CUDA Kernel Launch Statistics

For each event launched on the GPU there is a corresponding scheduling event on the CPU e.g. CudaLaunchKernel, CudaMemcpyAsync, CudaMemsetAsync. These events are linked by a common correlation id in the trace. See figure above. This feature computes the duration of the CPU runtime event, its corresponding GPU kernel and the launch delay i.e. the difference between GPU kernel starting and CPU operator ending. The kernel launch info can be generated as follows:

analyzer = TraceAnalysis(trace_dir="/path/to/trace/dir")
kernel_info_df = analyzer.get_cuda_kernel_launch_stats()

A screenshot of the generated dataframe is given below.

../../_images/cuda_kernel_launch_stats.png

The duration of the CPU op, GPU kernel and the launch delay allows us to find:

Short GPU kernels - GPU kernels with duration less than the corresponding CPU runtime event.
Runtime event outliers - CPU runtime events with excessive duration.
Launch delay outliers - GPU kernels which take too long to be scheduled.

HTA generates distribution plots for each of the aforementioned three categories.

Short GPU kernels

Usually, the launch time on the CPU side is between 5-20 microseconds. In some cases the GPU execution time is lower than the launch time itself.

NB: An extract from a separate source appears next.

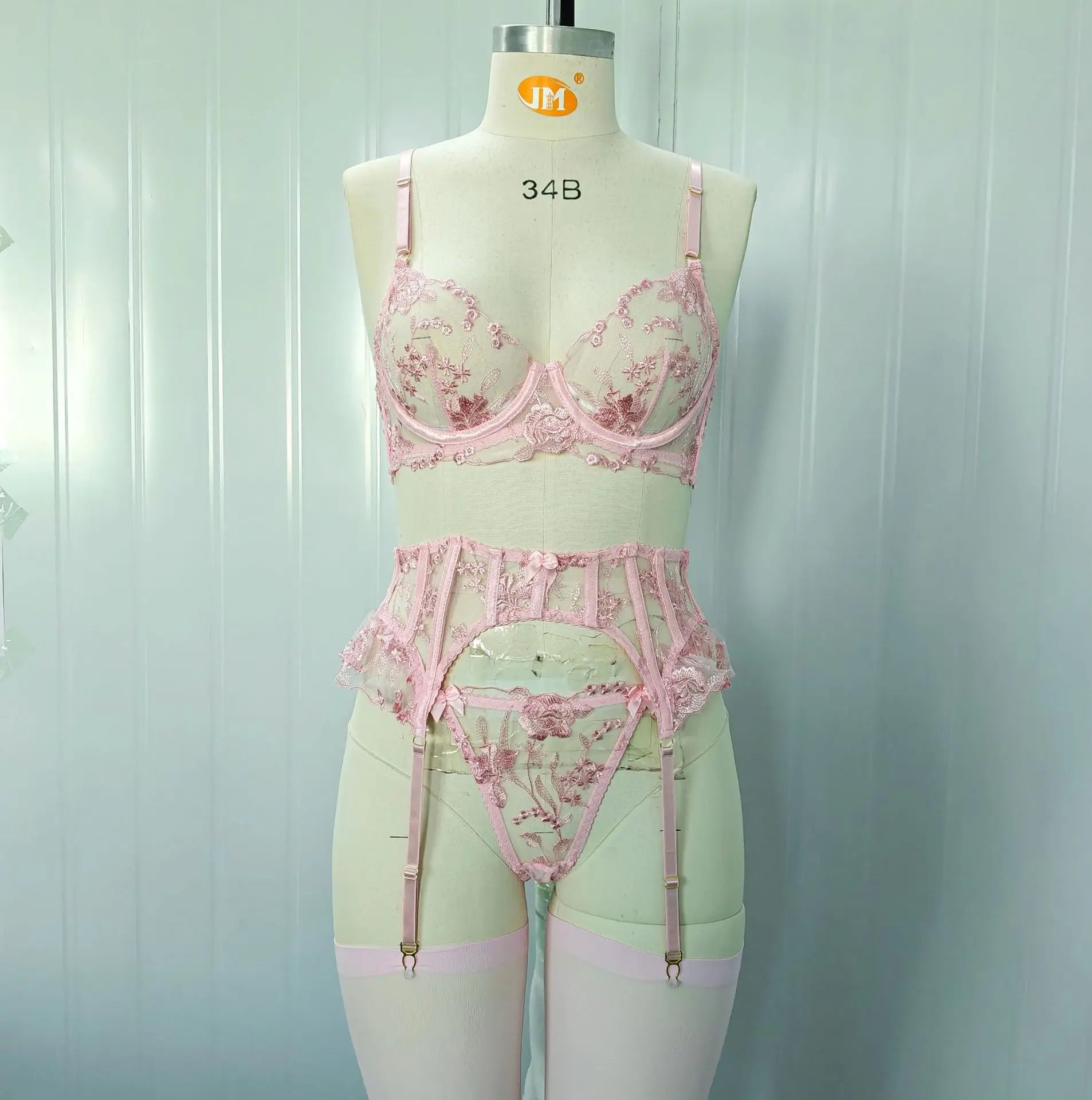 Women Lingerie Set Sheer Mesh Babydoll Lace Garter Belt Suspender Sexy Transparent Nightwear Valentine Day Bridal Honeymoon Suit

The graph below allows us to find how frequently such instances appear in the code.

Runtime event outliers

The runtime outliers depend on the cutoff used to classify the outliers, hence the get_cuda_kernel_launch_stats API provides the runtime_cutoff argument to configure the value.

Launch delay outliers

The launch delay outliers depend on the cutoff used to classify the outliers, hence the get_cuda_kernel_launch_stats API provides the launch_delay_cutoff argument to configure the value.